Toutes les études le montrent: les incendies de forêt devraient se multiplier dans un monde plus chaud et plus sec, celui que nous préparent les changements climatiques en cours. Or d’autres facteurs sont rarement pris en compte: le CO2 lui-même, qui favorise la poussée végétale, et la croissance démographique, ainsi que la répartition de la population -urbaine ou rurale.

Certes, l’homme est responsable de la plupart des départs d’incendies, mais sa présence constitue aussi un frein aux incendies, en modifiant la végétation et en fragmentant les paysages. Plusieurs études ont ainsi montré que les surfaces affectées par les incendies diminuent lorsque la densité humaine s’élève.

Climat vs homme

Quel bilan au niveau mondial, et qui l’emportera de l’homme ou du climat? Tout dépend du niveau de réchauffement d’une part, de la croissance démographique et de l’urbanisation d’autre part, révèle l’étude menée par Wolfgang Knorr, de l’université de Lund (Suède), et ses collègues.

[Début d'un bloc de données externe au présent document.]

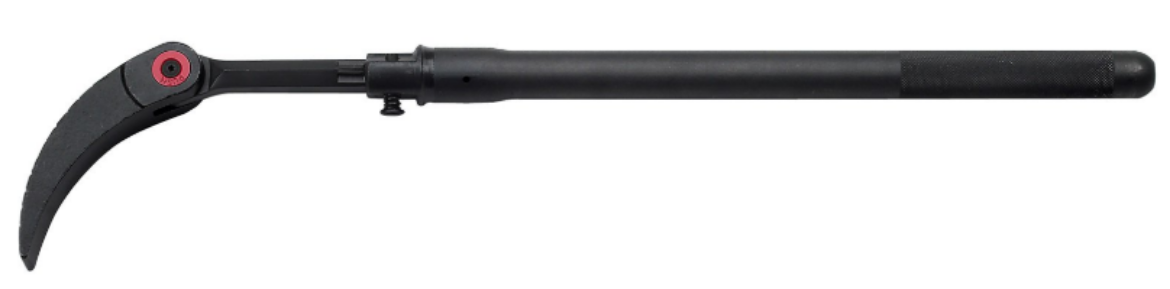 Picture of Pry Bar Indexing Extendable 18" to 29"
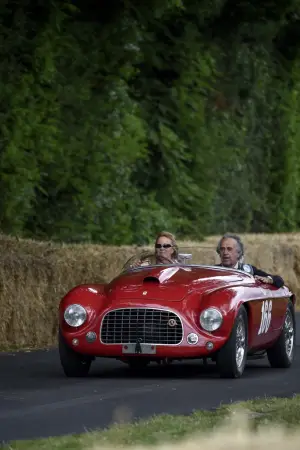 Ferrari al Festival of Speed di Goodwood 2014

Dans le cas d’un scénario intermédiaire d’émissions de gaz à effet de serre (RCP4.5), le facteur humain l’emporterait, avec une baisse de la surface affectée par les incendies d’ici 2100, à moins d’une faible croissance démographique et d’une urbanisation rapide.

Dans le cas d’un scénario tendanciel démissions (RCP8.5), c’est en revanche le climat qui l’emporte à partir de 2050, avec une hausse de la surface affectée par les incendies, dans tous les cas de figure démographiques, jusqu’en 2100.

Forte baisse en Afrique

Dans le cas d’une réduction des surfaces incendiées, c’est en Afrique, actuellement touchée par la moitié des incendies dans le monde, que la situation évoluerait au mieux. En cause, sa forte poussée démographique, qui sera la plus élevée au cours du 21ème siècle. D’autres zones ne devraient en revanche pas échapper aux flambées, dont l’Amérique du Nord, le sud de l’Europe et le centre de l’Amérique du Sud, dont l’Amazonie.

Contre toute attente, le CO2 a en revanche un effet bénéfique: bien que favorisant la végétation, il pourrait avoir un effet global négatif sur les incendies, en permettant la transition des savanes vers les arbustes, au détriment des herbes sèches. Or plus de 70% des incendies dans le monde surviennent dans des savanes.

Même en cas de baisse des incendies au niveau mondial, l’homme pourrait, de manière paradoxale, y être de plus en plus exposé: en cause, le fait que la croissance démographique mondiale va aussi toucher les zones actuellement les plus à risque d’incendie. Même si le risque baisse, la population qui y sera soumise sera plus nombreuse.